The Mudcat Café TM
Thread #71908   Message #1387900
Posted By: GUEST,S. Webb
25-Jan-05 - 03:37 AM
Thread Name: Sigma Guitars
Subject: RE: sigma guitars


    Gator, your DR12-7 has the older 1970-79 logo: a pearl greek letter sigma ("sideways M") and the word "SIGMA" in gold, apparently. If so, it probably has a solid rosewood body and solid spruce face. At least all the 70's ones I've seen do, unless it's a 52S DR12-7. Great guitars, built like a tank and very resonant. Go way upstream in this thread to my short history of Sigma for more information.

    Jerry, is it solid rosewood? First, compare the grain pattern on the inside of the guitar with what appears at the same spot on the outside of the guitar. (It helps if the grain is pronounced or stripey.) If they're the same, it's solid woods (one piece).

    If the guitar has a traditonal endpin (not a screw-in strap button) on the butt end, carefully remove the endpin and you can look at the edge of the sidewood and the endpin hole. Very easy to tell if it's one solid piece or a layered laminate.

    To tell if a spruce face is solid, examine the soundhole edge nearest the bridge with a magnifying glass and a strong light. If it's solid, you can see the grain lines run all the way across the edge and disappear onto the underside of the face. If it's a laminate, the grain lines will not match across the edge or not even be visible. You will also be able to see the seam(s) between the layers.

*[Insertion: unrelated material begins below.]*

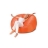 Pouf rond Orange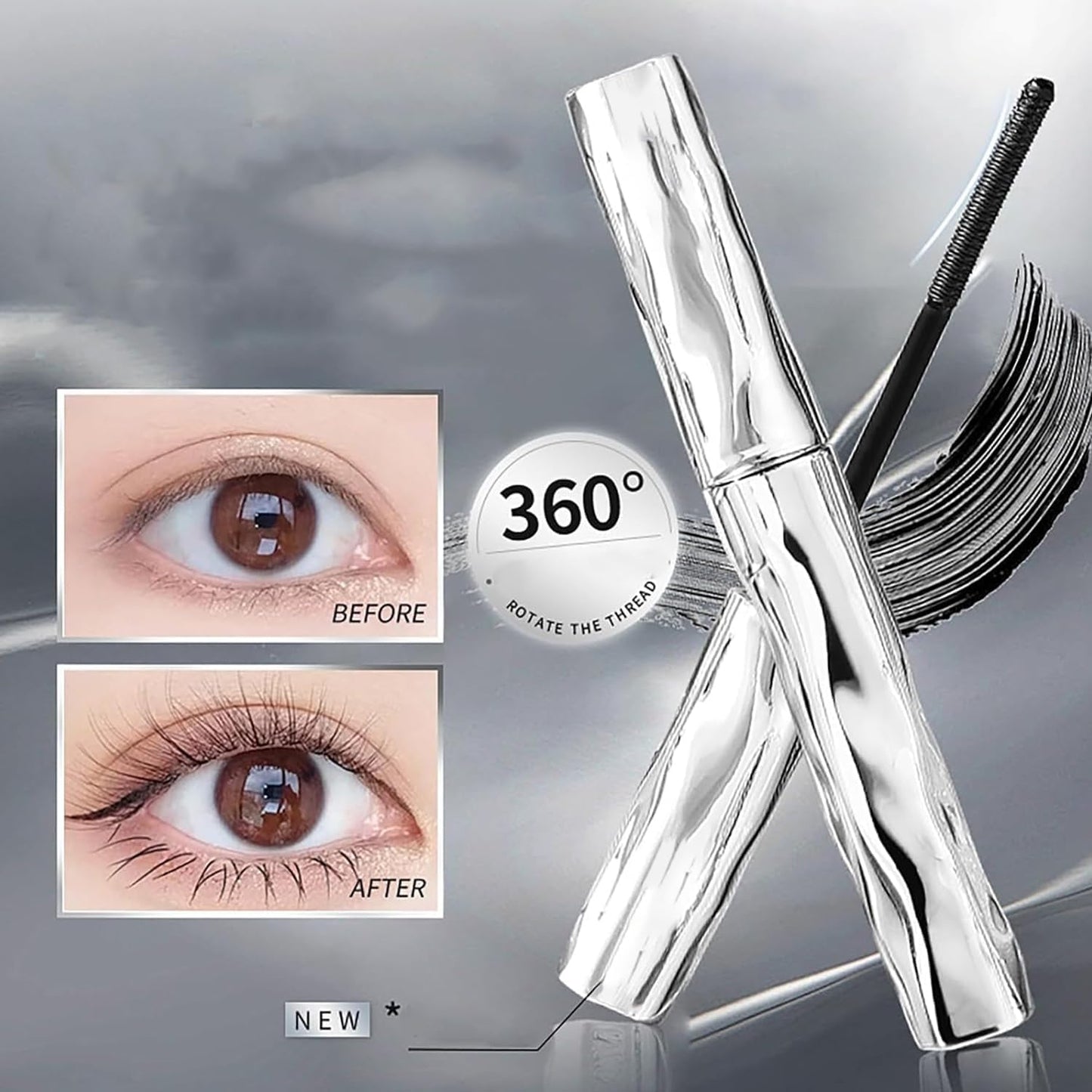 5D Curling Eyelash Iron Mascara - Waterproof, Long-Lasting Tubing Formula for Volume & Length | 1 Pc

    But the important thing is how the guitar sounds, not the construction details. Yes, as a very general rule, solid is better, but the very best sounding guitar I own has a solid rosewood body and a bi-layer spruce face. It's a hand-built from 1974, made by one of the original luthiers at what became Taylor Guitars, Bob Mossay. After listening to it, old Martins crawl off in a corner and sob uncontrollably...

    Yes, I have other guitars besides Sigma's: Yamakis, Daions, Harptones, G. J. Goulds, assorted Japanese made oddities, a couple of unidentifible guitars, two Harmony's, a pre-war Regal, a few Dobros, Kronbauer, and two of Ted Thompson's wonders, one banjo, and a partridge in a pear tree. I think know a good guitar when I hear it. And like people, they're all different.

    I just bought a Sigma DR-15 like the one described (above) by Bob Spradlin, on eBay (naturally). I just got it today and even with black and ancient strings, it sounds good. In virtually mint condition. It has the GenII logo, so it must be 1980-84, but the serial number is lower than Bob's 1978 model! That's the kind thing that drives ya crazy about Sigma's...

    I can hardly wait to get new strings, ebony pins, and a bone saddle made for it. Drool. Unlike Bob's, it doesn't have an abalone rosette, but does have the herringbone bindings and backstripe, pearl snowflake dots, solid body and solid face, and what looks to be a one-piece neck. It came with the original case which is wood covered in real leather.

    One really odd thing: it has modern sealed tuners (original, not replacements) but instead of cylindrical bodies and caps on the gear drives, they have hexagonal bodies and caps. Very strange. Never seen hexagonal tuners before anywhere.

    CLM, the "N" on the end of your DM-2 interests me. In the older Sigma's the "N" meant a model that was actually assembled in the Martin factory at Nazareth! Look inside on the neck end-block to see if there is anything stamped on it. I had (sold) a DR-35N that had a Martin logo there, with "Made in USA" and a 6-digit serial number. These older "N" models were re-labeled Shennandoahs.

    How'd I learn so much about Sigma's? The hard way. I've bought about 40 Sigma's on eBay. (Yes, 40; fix their problems, set them up, send them on their way again.) Er, some I kept -- too nice, or too much money invested. I also buy up old Sigma catalogs for information, and I scrounge the net for data, too. The really good (rare) Sigma's are possibly the most undervalued high-quality guitars around.